Le osservazioni del professor Pelanda sono suggestive, ma non so quanto realistiche. La sua idea di far battere un colpo d’ali all’Italia, complessivamente valutata, per stabilire con la Germania una sorta di patto di sindacato onde dare un senso più politico all’eurozona perché possa funzionare – meglio che con l’asse Berlino-Parigi – un’Europa effettiva partner degli Stati Uniti nell’economia globalizzata, potrebbe davvero costituire una fascinosa prospettiva futurizzante. Ma sono, gli schieramenti politici italiani e germanici, in condizione di capire, giustificare e gestire un simile progetto?
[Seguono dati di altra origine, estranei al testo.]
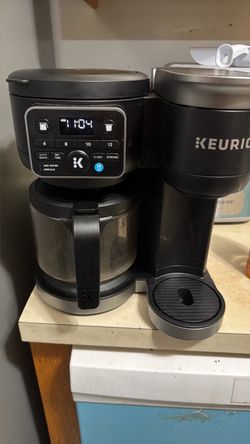 KEURIG coffee maker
Che l’Italia sia eterodiretta, specialmente negli ultimi tre anni, è di una evidenza solare. Che la Germania della Merkel sia disponibile ad avvertire più il fascino di Roma che di Parigi, ho più d’un dubbio. Che l’Europa debba riacquistare un ruolo nel mondo globalizzato, è augurabile. Però né la Germania, né l’Italia sono analogamente attrezzate culturalmente:

a) per rovesciare il cumulo di convenienze che si sono raggrumate in un Vecchio Continente ridotto a solo mercato, privo di visione politica;

b) ad acquisire quel senso di collaborazione politica che – ahimè, quasi cinquant’anni orsono – Adenauer, De Gasperi e Schuman avevano suggerito al fine di restituire pace ad un’Europa che aveva dato vita a due guerre mondiali in poco più di due decenni.

Il professor Pelanda fa due annotazioni importanti circa l’odierna Germania della Merkel, che stravince, ma ha un’idea precisa della necessità di mostrarsi lungimirante ricorrendo ad una grande coalizione; e circa l’opportunità che l’Italia riesca a ricomporsi attorno ad una confederazione popolare che si proponga come alternativa centrista ad una sinistra che non può presumere di raffigurarsi come antagonista ad un centro democratico tenendo in sé, quasi prigioniero, un settore postdemocristiano attualmente al potere con un Enrico Letta già allievo di Beniamino Andreatta, economista scudocrociato quotidianamente polemico coi socialisti invocanti una alternativa di potere.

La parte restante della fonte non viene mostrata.